There are pictures in the records below; leave them out and set down exactly the lines from the one holding "From here on" through the one holding "Hello guys, welcome".

EXERCISE INPUTS:
Content starts

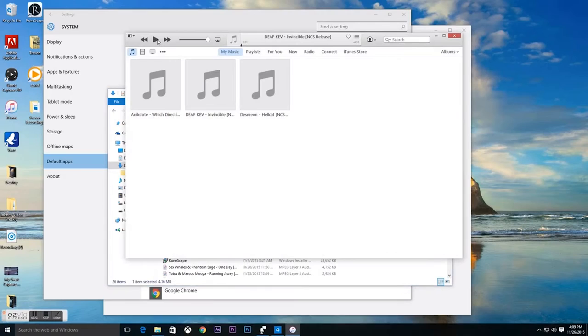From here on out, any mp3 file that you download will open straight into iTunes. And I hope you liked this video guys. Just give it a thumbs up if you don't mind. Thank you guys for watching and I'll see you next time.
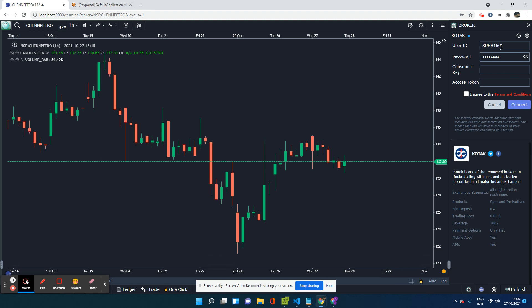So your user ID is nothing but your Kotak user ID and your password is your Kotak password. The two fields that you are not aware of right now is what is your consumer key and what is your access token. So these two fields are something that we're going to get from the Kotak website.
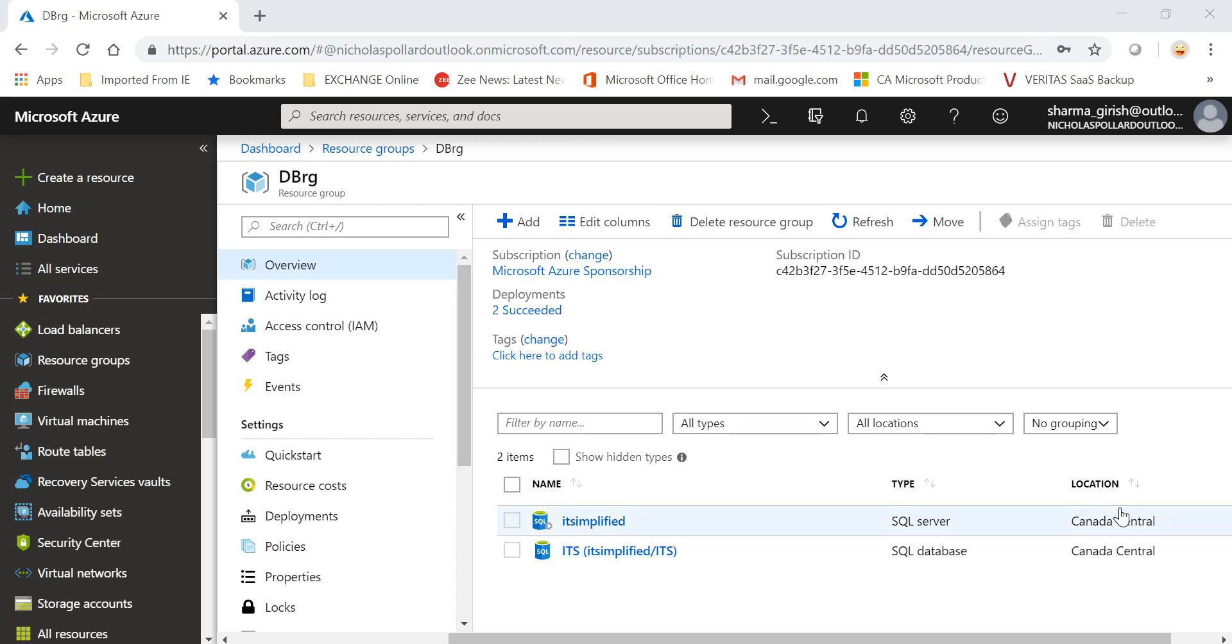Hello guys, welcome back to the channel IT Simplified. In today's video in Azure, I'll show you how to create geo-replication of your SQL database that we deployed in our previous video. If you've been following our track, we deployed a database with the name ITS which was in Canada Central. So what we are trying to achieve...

Content ends
Content starts

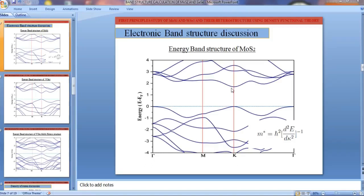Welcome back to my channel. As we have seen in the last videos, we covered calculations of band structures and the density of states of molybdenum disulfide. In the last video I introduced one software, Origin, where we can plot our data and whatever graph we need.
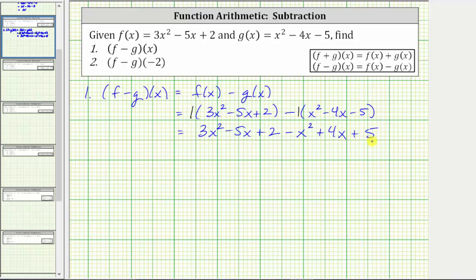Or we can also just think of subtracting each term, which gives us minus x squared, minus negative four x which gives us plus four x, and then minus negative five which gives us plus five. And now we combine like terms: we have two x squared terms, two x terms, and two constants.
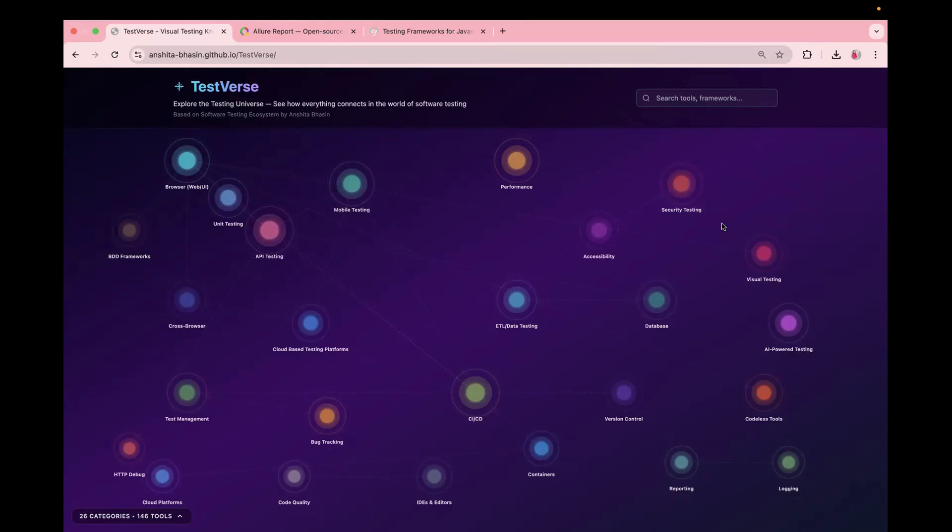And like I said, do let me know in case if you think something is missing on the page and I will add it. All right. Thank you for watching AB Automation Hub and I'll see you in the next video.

Content ends
Content starts

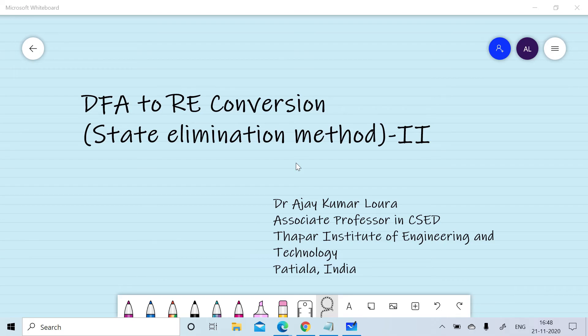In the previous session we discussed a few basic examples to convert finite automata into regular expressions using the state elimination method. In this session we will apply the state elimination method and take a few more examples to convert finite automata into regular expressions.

Content ends

COMPLETED EXERCISE:
From here on out, any mp3 file that you download will open straight into iTunes. And I hope you liked this video guys. Just give it a thumbs up if you don't mind. Thank you guys for watching and I'll see you next time.
So your user ID is nothing but your Kotak user ID and your password is your Kotak password. The two fields that you are not aware of right now is what is your consumer key and what is your access token. So these two fields are something that we're going to get from the Kotak website.
Hello guys, welcome back to the channel IT Simplified. In today's video in Azure, I'll show you how to create geo-replication of your SQL database that we deployed in our previous video. If you've been following our track, we deployed a database with the name ITS which was in Canada Central. So what we are trying to achieve...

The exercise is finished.